Il y a quelques mois à peine, Spread The Feeling (2019) mettait un terme bienvenu à une décennie de disette. Avec cette classe si particulière qui n’appartient qu’aux Immenses, Joe Pernice y renouait les fils de cette écriture aigre-douce – les textes pleins de mordant habilement dissimulés derrière un voile mélodique délicieusement molletonné – qui, à l’exception d’une brève collaboration avec son voisin Norman Blake au sein de The New Mendicants en 2015, n’avait plus brillé que par son absence depuis trop longtemps. Quiconque serait passé à côté de cet album scandaleusement mal distribué en dehors du continent nord-américain pourra s’y reporter d’urgence pour s’émerveiller rétrospectivement en contemplant le versant le plus solaire et le plus pop du génie de Pernice. Et découvrir, au passage, le meilleur titre de New Order depuis des lustres, Throw Me To The Lions. Moins d’une année s’est écoulée et la nouvelle surprise n’en est que plus divine. Comme au temps de sa splendeur la plus productive – la toute fin du siècle dernier, pour résumer – Pernice semble bien décidé à redonner un coup d’accélérateur à sa discographie en jonglant avec les alias et publie, sans le moindre apprêt superflu, douze nouvelles compositions de son cru qui paraissent déjà constituer un très grand album. Entièrement enregistré à domicile, au cours de la récente période de réclusion forcée, Richard ne possède certes pas le charme immédiat et rayonnant de son prédécesseur. Aucune tricherie ne vient se dissimuler derrière cette pochette très semblable à celle de Natural Progressions (1977) de Bernie Leadon et Michael Georgiades. Amateur éclairé de soft-rock, Joe Pernice y a peut-être songé. Il pose donc en la seule compagnie d’un verre vide et de sa guitare acoustique. Et c’est très exactement ce qu’il offre à entendre.

Aucune trace ici d’ornementation instrumentale raffinée ou de ces ponctuations rythmiques qui viendraient tempérer la tristesse uniforme qui ressort et submerge à l’écoute de ces onze complaintes dépouillées – plus un instrumental, We Both Know.
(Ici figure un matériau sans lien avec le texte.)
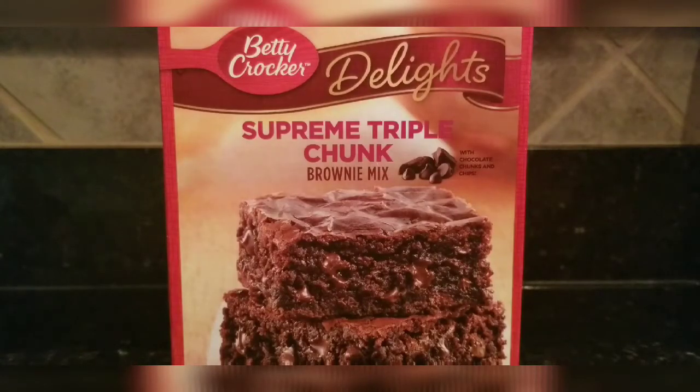Hello everyone, if you're new to my channel, my channel is Cooking Mom. Today I'm gonna try these Betty Crocker Delights Supreme Triple Chunk Brownie Mix.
Avec une honnêteté impitoyable, ces chansons nous ramènent inlassablement à la vérité qui les anime : on pourra toujours gloser sur l’anonymat des foules et la subjectivité des impressions éprouvées à leur contact, la solitude n’est jamais si poignante que lorsqu’on est tout seul. Sans relâche, Pernice s’engage dans le sillon fécond de cette lapalissade. Il y creuse pour en retirer les innombrables facettes de l’abandon et du deuil – de l’implacable matérialité de la mort (Spend The Mountain) au déclin du trouble amoureux (My Long Black Shadow). Le regret est omniprésent et s’entremêle curieusement au sentiment de résignation face à l’inéluctable, comme dans le refrain déchirant de Richard, « Always alone, Always to be alone ». Musicalement, le ton est juste et sied parfaitement à la sobriété dramatique. L’ex-leader des Scud Mountain Boys égrène les accords acoustiques à l’allure brinquebalante du cheval fourbu, traduisant sans ostentation inutile une forme d’accablement qui n’exclut pas les pointes d’espoir. Il trouve dans cette forme inhabituelle un équilibre original entre la robuste charpente des ballades country, la coloration soul qui imprègne sa voix, plus qu’à l’accoutumée, et suggère quelques réminiscences du jeune Smokey Robinson et, enfin, les harmonies classiques de ses compositions mises à nu, comme une pop en chambre sans chambre ni confort. Né de ce mélange, un disque précieux : à la fois très triste et très beau.